======== MATERIAL PROVIDED ========

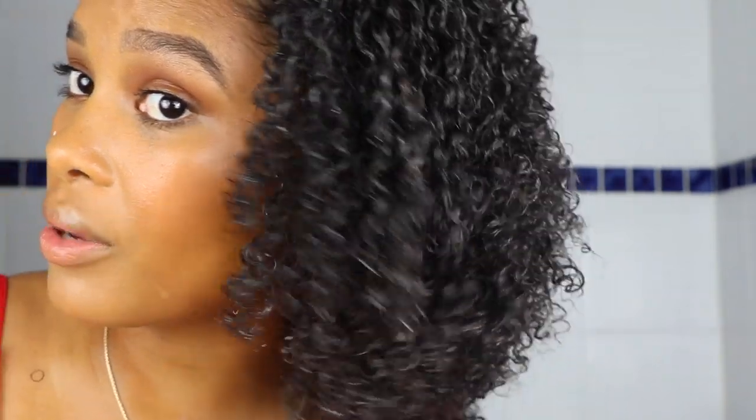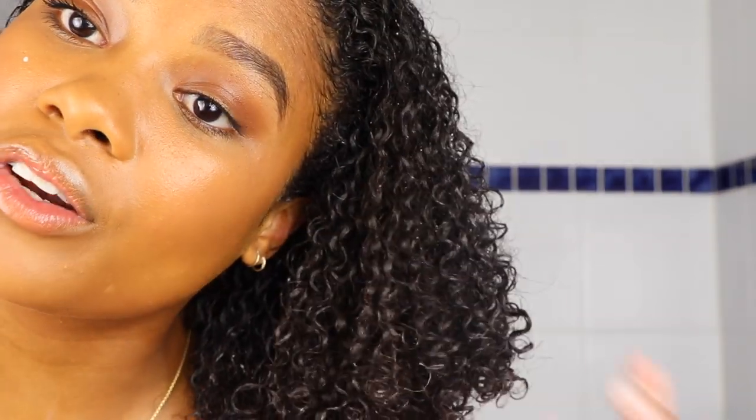You're just going to want to continue to comb this through to make sure that the product is very evenly distributed throughout your hair. Here is what my curls will look like — a little bit white from that product, but that is going to go away once we dry it. No frizz here.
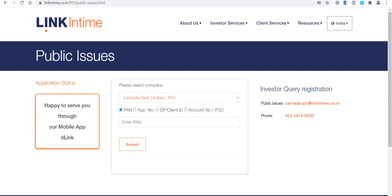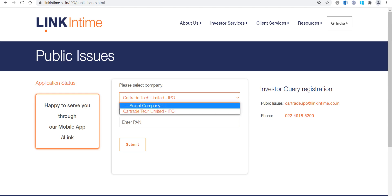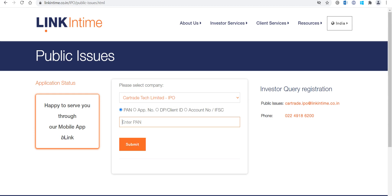When you go to the Link In Time website, click on 'Select Company', then click on Car Trade Technology Limited. After entering your PAN card, you will be able to check your allotment.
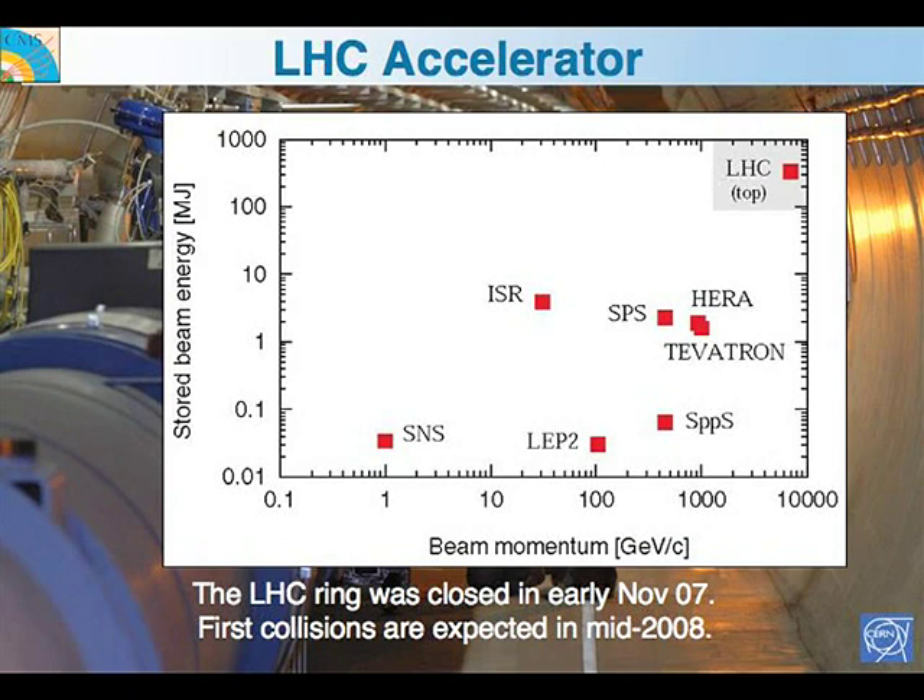The LHC project sits right outside anything done previously on a plot of stored energy versus beam momentum. The jumps being made are factors of 10, 100, or 1,000 — not factors of two. The LHC ring was closed, and the first collisions are expected in the middle of next year, with data taking in the second half of next year.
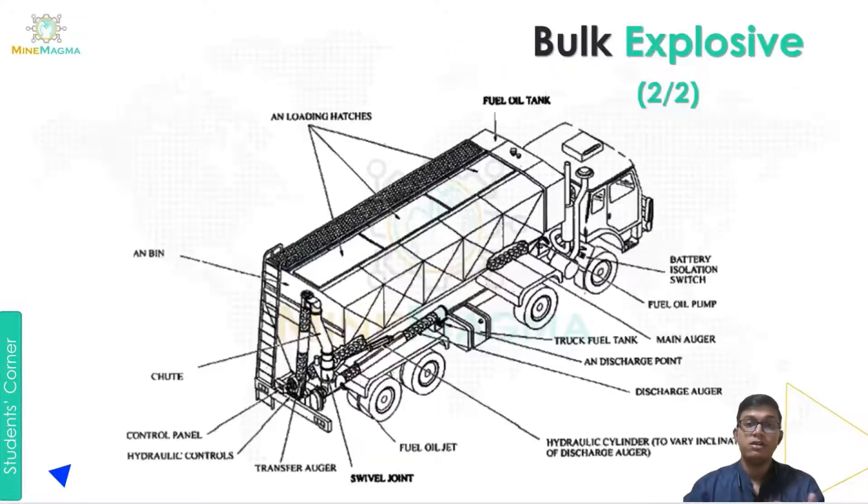Now we will go to the parts of the bulk explosive carrier vehicle. First is the fuel oil tank. Then there is a loading hatch, which is for the safety and loading of the material or explosives. Then there is an unbeam and a chute — a chute is a sloping channel or slide for conveying things to a lower level. Next is the control panel, which controls the work, and the hydraulic system control.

========

WHAT THE EXERCISE ASKS = Leaving every picture out, write out exactly the lines from the one that holds "The LHC project" through the end of the listing, both included.

RESPONSE BOX =
The LHC project sits right outside anything done previously on a plot of stored energy versus beam momentum. The jumps being made are factors of 10, 100, or 1,000 — not factors of two. The LHC ring was closed, and the first collisions are expected in the middle of next year, with data taking in the second half of next year.
Now we will go to the parts of the bulk explosive carrier vehicle. First is the fuel oil tank. Then there is a loading hatch, which is for the safety and loading of the material or explosives. Then there is an unbeam and a chute — a chute is a sloping channel or slide for conveying things to a lower level. Next is the control panel, which controls the work, and the hydraulic system control.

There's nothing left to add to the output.